The second question is divided into two parts:
- The solution of real-time feature part depends on HBase storage, and HBase supports query according to version. After the feature is calculated, it is directly written into HBase according to the version. When the sample is generated, check the corresponding version number on the HBase. The version in it is usually the data time.
- For the offline feature part, because there is no need to recalculate, there are all offline storage HDFS, but point queries are not supported. It is good to kvize this part. We have done asynchronous preloading for performance.
The process of asynchronous preloading is shown in the figure.
4、 Future planning
Next, let’s introduce our later planning.
- One is data quality assurance. Now the whole link is getting longer and longer. There may be 10 nodes and 20 nodes. How can we quickly find the problem point when the whole link goes wrong. Here we want to do DPC for the node set. For each node, we can customize some data quality verification rules. The data is bypassed to the unified DQC Center for rule operation alarm.
- The second is the exact once of the whole link. How to ensure the accuracy and consistency between workflow nodes is not clear at present.
- Third, we will add model training and deployment nodes to the workflow. Training and deployment can be connected to other platforms or training models and deployment services supported by Flink itself.

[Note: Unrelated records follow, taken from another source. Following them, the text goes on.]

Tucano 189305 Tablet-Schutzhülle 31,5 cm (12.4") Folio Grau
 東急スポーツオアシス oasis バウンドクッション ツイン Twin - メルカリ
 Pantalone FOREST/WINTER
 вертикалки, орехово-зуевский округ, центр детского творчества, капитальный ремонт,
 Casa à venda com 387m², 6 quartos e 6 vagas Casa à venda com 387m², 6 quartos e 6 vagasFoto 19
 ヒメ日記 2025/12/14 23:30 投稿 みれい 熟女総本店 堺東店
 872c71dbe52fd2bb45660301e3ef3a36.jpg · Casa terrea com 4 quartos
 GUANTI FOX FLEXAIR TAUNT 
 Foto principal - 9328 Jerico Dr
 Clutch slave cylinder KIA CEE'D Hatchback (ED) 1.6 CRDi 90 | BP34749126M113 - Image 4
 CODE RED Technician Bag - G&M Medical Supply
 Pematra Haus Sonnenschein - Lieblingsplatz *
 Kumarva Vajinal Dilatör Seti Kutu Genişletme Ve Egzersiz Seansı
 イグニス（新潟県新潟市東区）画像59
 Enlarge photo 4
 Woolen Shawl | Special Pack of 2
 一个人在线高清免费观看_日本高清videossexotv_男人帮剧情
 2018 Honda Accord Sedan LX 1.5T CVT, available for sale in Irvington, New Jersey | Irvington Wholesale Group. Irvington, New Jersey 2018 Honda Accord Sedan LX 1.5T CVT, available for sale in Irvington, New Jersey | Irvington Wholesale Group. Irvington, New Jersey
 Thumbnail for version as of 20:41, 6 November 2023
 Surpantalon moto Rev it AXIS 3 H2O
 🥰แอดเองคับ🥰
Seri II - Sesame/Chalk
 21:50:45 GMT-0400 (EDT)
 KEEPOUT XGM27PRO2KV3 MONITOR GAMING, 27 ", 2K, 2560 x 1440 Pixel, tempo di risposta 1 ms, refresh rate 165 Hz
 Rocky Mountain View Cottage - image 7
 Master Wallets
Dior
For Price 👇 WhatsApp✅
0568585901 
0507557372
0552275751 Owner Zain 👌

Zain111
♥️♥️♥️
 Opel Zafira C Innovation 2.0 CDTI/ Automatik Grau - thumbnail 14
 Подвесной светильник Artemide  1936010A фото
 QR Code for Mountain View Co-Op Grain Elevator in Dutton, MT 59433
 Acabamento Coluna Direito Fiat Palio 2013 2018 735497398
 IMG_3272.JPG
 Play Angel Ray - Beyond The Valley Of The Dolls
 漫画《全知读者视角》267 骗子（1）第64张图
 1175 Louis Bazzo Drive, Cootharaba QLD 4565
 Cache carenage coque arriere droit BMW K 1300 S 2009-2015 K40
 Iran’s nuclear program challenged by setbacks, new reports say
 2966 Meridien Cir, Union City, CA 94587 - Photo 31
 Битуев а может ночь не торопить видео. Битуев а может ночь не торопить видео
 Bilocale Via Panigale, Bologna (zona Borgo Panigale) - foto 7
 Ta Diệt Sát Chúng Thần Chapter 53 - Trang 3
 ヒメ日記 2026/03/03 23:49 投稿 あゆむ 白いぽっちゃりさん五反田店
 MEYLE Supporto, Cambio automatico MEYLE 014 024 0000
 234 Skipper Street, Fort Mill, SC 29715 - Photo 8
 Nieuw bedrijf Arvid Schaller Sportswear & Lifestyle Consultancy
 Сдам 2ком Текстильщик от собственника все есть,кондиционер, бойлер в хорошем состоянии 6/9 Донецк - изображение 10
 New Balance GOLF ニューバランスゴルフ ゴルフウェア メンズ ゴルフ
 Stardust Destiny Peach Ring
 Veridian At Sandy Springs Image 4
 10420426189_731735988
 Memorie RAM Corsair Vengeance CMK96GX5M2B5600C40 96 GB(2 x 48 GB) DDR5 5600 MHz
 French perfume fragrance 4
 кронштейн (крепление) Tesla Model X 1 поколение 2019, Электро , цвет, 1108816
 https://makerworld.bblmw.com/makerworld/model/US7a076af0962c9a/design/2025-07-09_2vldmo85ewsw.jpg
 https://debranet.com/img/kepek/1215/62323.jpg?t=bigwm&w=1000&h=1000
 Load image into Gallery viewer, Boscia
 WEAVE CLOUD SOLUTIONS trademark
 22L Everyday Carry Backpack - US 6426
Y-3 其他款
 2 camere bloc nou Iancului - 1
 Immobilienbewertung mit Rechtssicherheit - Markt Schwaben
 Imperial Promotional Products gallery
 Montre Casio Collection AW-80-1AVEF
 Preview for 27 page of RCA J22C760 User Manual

Guest introduction:Zhang Yang, who joined B station in 17 years, is engaged in big data.
Copyright notice:The content of this article is spontaneously contributed by Alibaba cloud real name registered users, and the copyright belongs to the original author. Alibaba cloud developer community does not own its copyright or bear corresponding legal liabilities. Please refer to Alibaba cloud developer community user service agreement and Alibaba cloud developer community intellectual property protection guidelines for specific rules. If you find any content suspected of plagiarism in the community, fill in the infringement complaint form to report. Once verified, the community will immediately delete the content suspected of infringement.